BMP‐2 increases migration of human chondrosarcoma cells via PI3K/Akt pathway

Abstract

Bone morphogenetic protein-2 (BMP-2), a member of transforming growth factor-beta superfamily, plays a crucial role in migration and metastasis of human cancer cells. Integrins are the major adhesive molecules in mammalian cells. Here we found that BMP-2 directed the migration and increased cell surface and mRNA expression of beta1 integrin in human chondrosarcoma cancer cells (JJ012). Pretreated of JJ012 cells with phosphatidylinositol 3-kinase inhibitor (PI3K; Ly294002) or Akt inhibitor inhibited the BMP-2-mediated migration and integrin expression.
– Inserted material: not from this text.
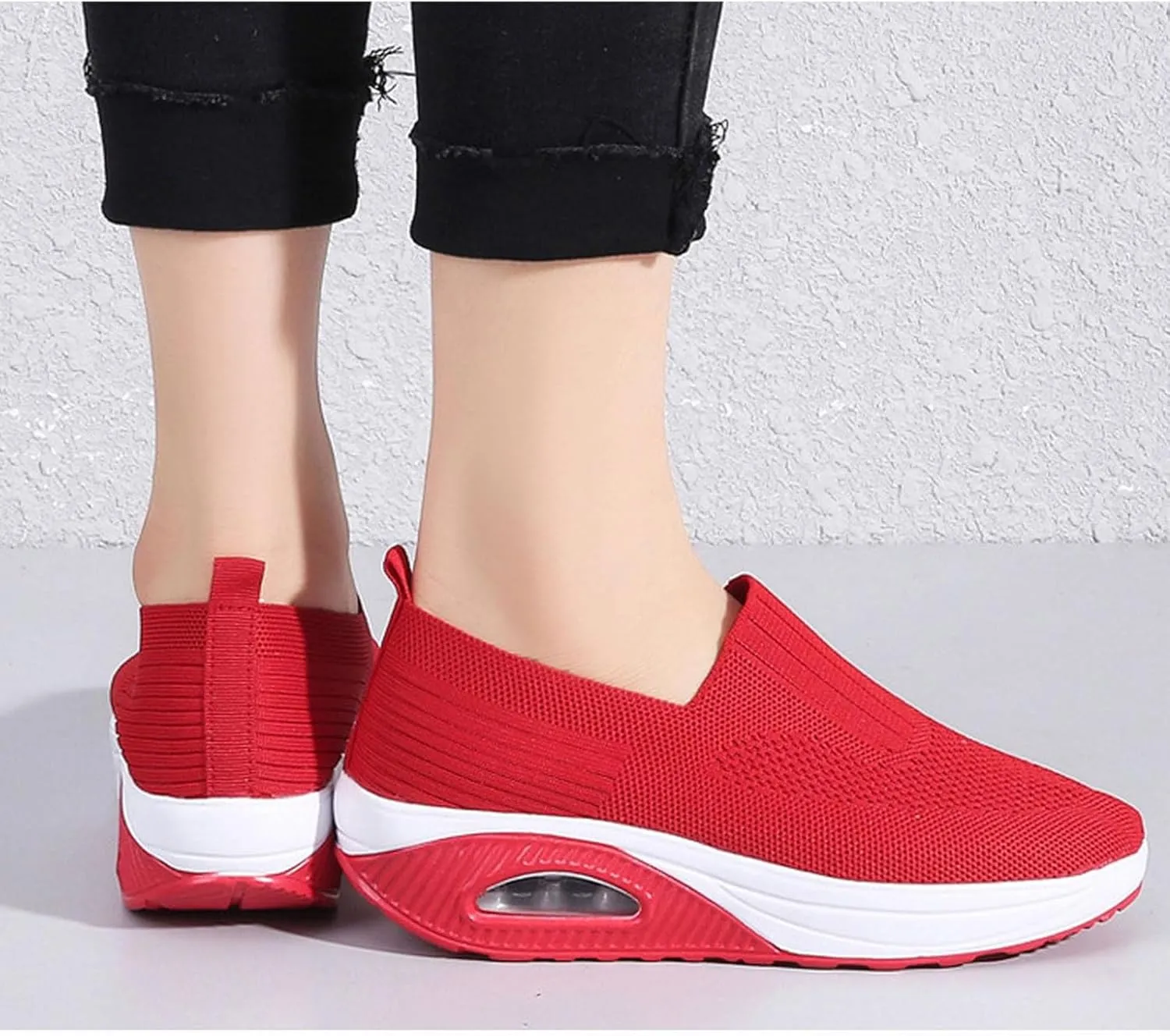 Orthopedic Sneakers for Women New Air Cushion Slip on Walking Shoes Arch Support Lightweight Wedge Walking Sneakers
BMP-2 increased the phosphorylation of p85 subunit of PI3K and serine 473 of Akt. In addition, NF-kappaB inhibitor (PDTC) or IkappaB protease inhibitor (TPCK) also inhibited BMP-2-mediated cells migration and integrin upregulation. Stimulation of JJ012 cells with BMP-2 induced IkappaB kinase (IKKalpha/beta) phosphorylation, IkappaB phosphorylation, p65 Ser(536) phosphorylation, and kappaB-luciferase activity. Furthermore, the BMP-2-mediated increasing of IKKalpha/beta phosphorylation, IkappaB phosphorylation, and p65 Ser(536) phosphorylation were inhibited by Ly294002 and Akt inhibitor. Co-transfection with p85 and Akt mutants also reduced the BMP-2-induced kappaB-luciferase activity. Taken together, these results suggest that the BMP-2 acts through PI3K/Akt, which in turn activates IKKalpha/beta and NF-kappaB, resulting in the activations of beta1 integrin and contributing the migration of human chondrosarcoma cells.